Von dem Ausstand betroffen sind große Unternehmen wie Rewe, Penny, Kaufland sowie weitere wie IKEA, H&M und Zara. Auch Rewe Logistik und Metro beteiligen sich an der Aktion. Proteste sind in Wiesbaden, Kassel, Frankfurt und Darmstadt geplant.
Laut aktuellem Vorschlag sollen Einzelhandelsbeschäftigte nach sechs Monaten eine Lohnerhöhung von 2 Prozent erhalten. Großhandelsmitarbeiter würden nach einer langen Phase stagnierender Gehälter eine Steigerung von 1,8 Prozent bekommen. Die Gewerkschaft kritisiert jedoch, dass diese Erhöhungen hinter den erwarteten Inflationsraten zurückbleiben.
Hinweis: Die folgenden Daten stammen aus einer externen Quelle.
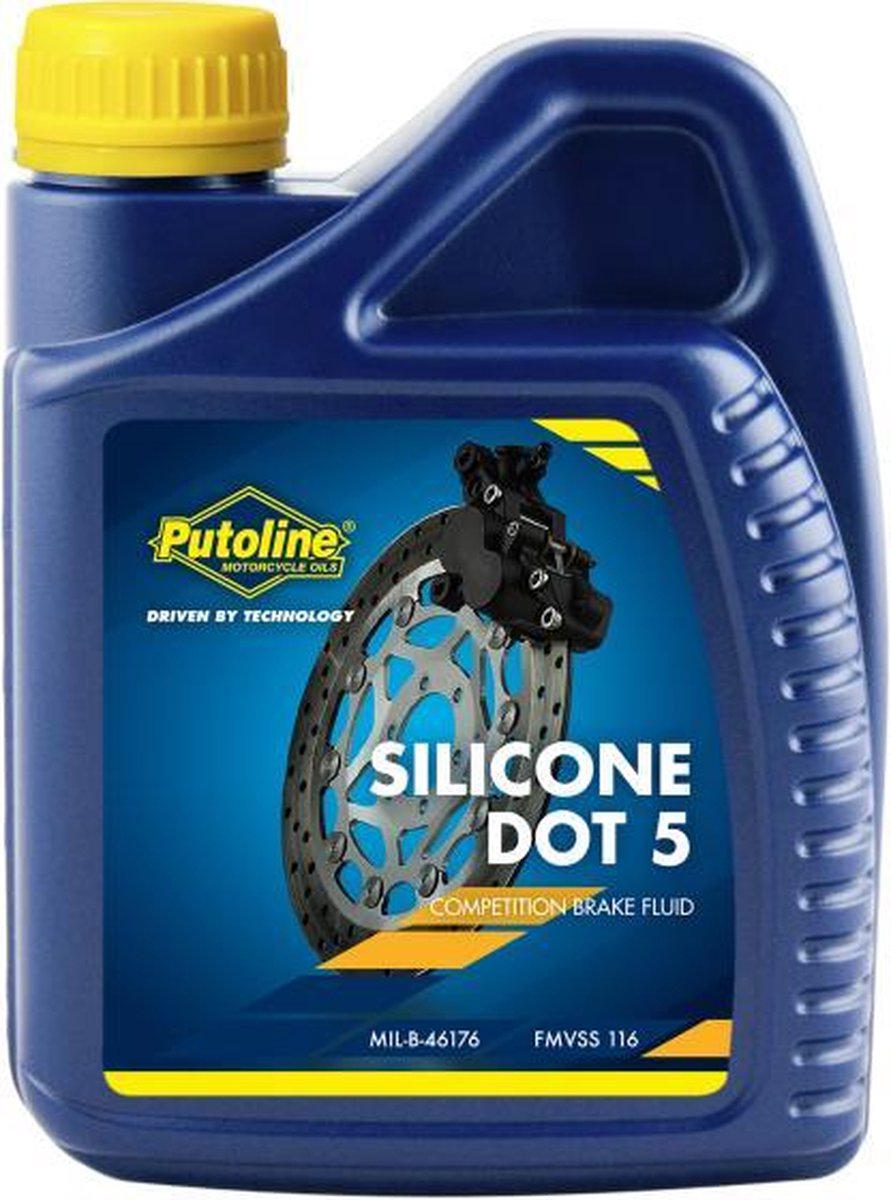 Putoline Dot 5 Silikon-Bremsflüssigkeit 500 ml transparent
Ver.di fordert eine monatliche Gehaltserhöhung von 250 Euro für die Beschäftigten. Zudem verlangt sie eine jährliche Aufstockung der Ausbildungsvergütung um 150 Euro pro Ausbildungsjahr. Darüber hinaus strebt die Gewerkschaft eine Laufzeit von zwölf Monaten für den neuen Tarifvertrag an.
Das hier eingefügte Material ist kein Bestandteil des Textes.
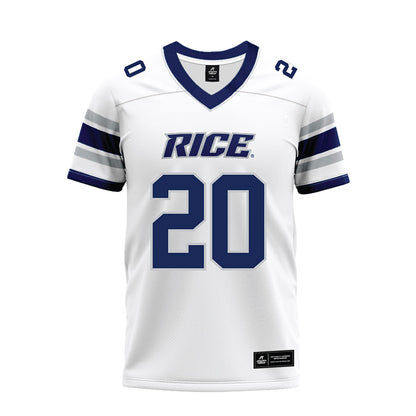 Rice - NCAA Football : Daelen Alexander - White Premium Football Jersey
Trotz weiterer Verhandlungen haben die Arbeitgeber ihr Angebot nicht nachgebessert. Der Streik spiegelt die Frustration über Löhne wider, die nicht im Einklang mit den Lebenshaltungskosten gestiegen sind. Das Ergebnis der Proteste könnte künftige Lohnverhandlungen in der Branche beeinflussen.